--- Records for processing ---
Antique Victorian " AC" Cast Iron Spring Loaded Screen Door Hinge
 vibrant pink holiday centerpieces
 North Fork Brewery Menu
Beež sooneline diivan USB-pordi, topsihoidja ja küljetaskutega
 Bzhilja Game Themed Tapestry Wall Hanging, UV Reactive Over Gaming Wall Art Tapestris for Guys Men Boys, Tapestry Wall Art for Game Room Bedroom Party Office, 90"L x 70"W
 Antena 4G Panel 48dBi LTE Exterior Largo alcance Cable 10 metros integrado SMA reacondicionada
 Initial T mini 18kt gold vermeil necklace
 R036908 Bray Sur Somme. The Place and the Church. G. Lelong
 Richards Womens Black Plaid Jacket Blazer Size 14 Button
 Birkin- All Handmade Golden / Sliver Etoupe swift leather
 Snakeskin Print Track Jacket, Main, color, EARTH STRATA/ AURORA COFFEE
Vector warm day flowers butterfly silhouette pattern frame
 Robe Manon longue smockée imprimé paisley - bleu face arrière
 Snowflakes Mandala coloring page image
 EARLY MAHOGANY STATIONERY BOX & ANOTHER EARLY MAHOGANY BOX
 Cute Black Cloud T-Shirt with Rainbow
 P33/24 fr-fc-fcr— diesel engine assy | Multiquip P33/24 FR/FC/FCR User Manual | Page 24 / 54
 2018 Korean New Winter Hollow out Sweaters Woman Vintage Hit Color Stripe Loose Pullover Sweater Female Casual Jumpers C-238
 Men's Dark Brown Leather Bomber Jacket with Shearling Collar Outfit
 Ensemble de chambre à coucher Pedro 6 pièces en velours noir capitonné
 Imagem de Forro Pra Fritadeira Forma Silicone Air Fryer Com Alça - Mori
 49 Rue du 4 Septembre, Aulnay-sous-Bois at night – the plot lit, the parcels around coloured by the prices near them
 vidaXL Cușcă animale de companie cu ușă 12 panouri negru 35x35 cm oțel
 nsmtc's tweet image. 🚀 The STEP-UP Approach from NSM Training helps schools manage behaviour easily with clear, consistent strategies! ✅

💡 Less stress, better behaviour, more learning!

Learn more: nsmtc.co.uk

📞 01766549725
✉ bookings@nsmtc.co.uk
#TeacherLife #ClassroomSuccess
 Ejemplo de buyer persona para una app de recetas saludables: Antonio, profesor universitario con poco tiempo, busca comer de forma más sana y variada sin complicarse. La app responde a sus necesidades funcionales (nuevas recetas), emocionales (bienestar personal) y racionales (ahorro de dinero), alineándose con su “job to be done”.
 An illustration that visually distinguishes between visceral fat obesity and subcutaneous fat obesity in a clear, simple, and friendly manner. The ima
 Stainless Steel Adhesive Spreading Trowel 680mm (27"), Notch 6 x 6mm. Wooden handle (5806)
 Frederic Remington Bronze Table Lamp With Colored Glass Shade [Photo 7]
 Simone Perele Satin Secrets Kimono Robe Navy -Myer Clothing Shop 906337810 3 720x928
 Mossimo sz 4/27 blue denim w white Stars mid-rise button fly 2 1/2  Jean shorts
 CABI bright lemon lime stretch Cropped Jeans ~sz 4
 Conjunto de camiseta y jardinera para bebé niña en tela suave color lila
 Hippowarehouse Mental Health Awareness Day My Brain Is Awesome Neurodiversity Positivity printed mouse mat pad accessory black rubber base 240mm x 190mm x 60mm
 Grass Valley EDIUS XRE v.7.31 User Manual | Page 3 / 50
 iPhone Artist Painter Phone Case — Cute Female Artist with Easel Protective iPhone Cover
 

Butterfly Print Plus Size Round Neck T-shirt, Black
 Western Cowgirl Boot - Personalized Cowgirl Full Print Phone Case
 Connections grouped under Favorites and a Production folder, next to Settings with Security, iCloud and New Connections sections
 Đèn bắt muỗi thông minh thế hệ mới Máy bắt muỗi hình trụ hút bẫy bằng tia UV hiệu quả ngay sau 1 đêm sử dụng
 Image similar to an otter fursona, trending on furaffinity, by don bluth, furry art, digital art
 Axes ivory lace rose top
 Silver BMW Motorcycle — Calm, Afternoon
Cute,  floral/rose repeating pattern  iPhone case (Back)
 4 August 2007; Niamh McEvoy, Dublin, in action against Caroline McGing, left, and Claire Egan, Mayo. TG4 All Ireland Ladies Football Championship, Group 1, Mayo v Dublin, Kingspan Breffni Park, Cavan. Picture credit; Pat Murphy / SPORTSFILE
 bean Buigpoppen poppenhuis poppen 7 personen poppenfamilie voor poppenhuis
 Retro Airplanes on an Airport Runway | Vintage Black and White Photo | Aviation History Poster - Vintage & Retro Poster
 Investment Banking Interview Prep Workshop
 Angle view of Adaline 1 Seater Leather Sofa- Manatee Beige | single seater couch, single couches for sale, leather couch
---
> [Aim of the task]:
From the entries above, work out the number of lines containing the string "Female" and give that number by itself.

> [Answer to the problem]:
2